Earlier this week Nokia unveiled the N9, both their first and last device to be built using the MeeGo operating system. To say the internet went wild over this thing would be an understatement. Vlad Savov from Engadget penned an editorial about 15 hours ago wondering why Nokia is giving up this fine platform; his article now has close to 1600 comments. Paul Miller, part of the massive group of Engadget writers who left to start a new life at SB Nation and are writing at This Is My Next while their new site is being built, also wrote wondering why Nokia is getting rid of the best work they’ve done in years; his article now has close to 200 comments. John Gruber, arguably the most loyal Apple fanboi on the face of the planet, proclaimed: “Four and a half years after Apple announced the iPhone, Nokia has now announced a worthy rival.” Coming from him, that’s about the closet thing to a compliment Nokia will ever get.
So yea, people love the N9, but the Finnish handset maker failed to mention when it would ship and how much it would cost. An advertising campaign by Finnish operator Saunalahti has already begun, and over in Sweden the local operator Three has announced that they’ll be shipping the N9 on September 23rd. That still doesn’t solve the pricing bit.

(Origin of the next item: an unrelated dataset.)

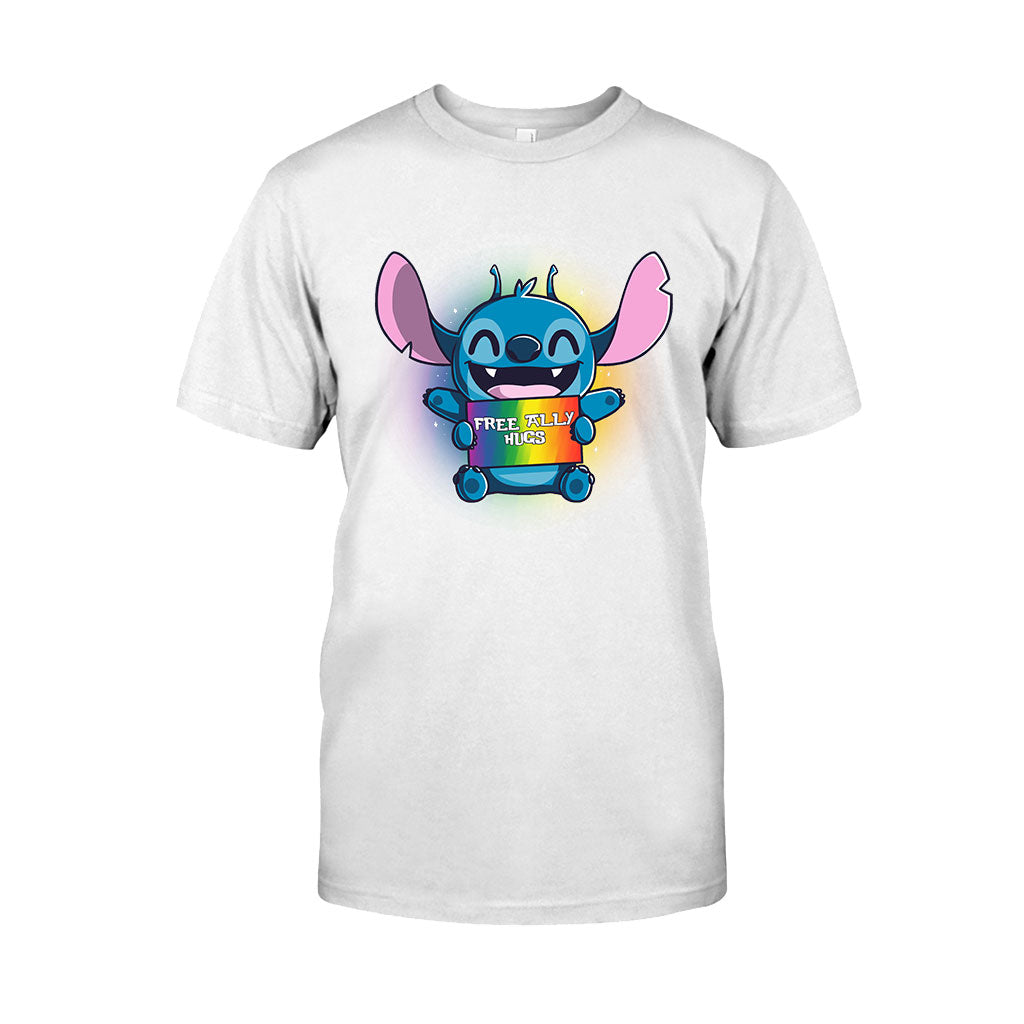 Free Ally Hugs - LGBT Support T-shirt and Hoodie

Eldar Murtazin, Editor in Chief of Mobile-Review, said in a tweet (Russian translated to English): “Price N9 for Russia will be such – 16 GB about 25 thousand, 64 GB of 30 thousand rubles. September or later. Like the price?”, which comes out to $890 for the 16 GB version and $1,070 for the 64 GB variant.
Are you going to pick up the N9 knowing full well that it’s not going to be supported by developers, by Nokia, by anyone? The folks over at 37 Signals say “fuck the platform”, and that if Nokia can nail the 10 or so core applications that ship with the N9, it doesn’t matter how large the ecosystem around the N9/MeeGo is.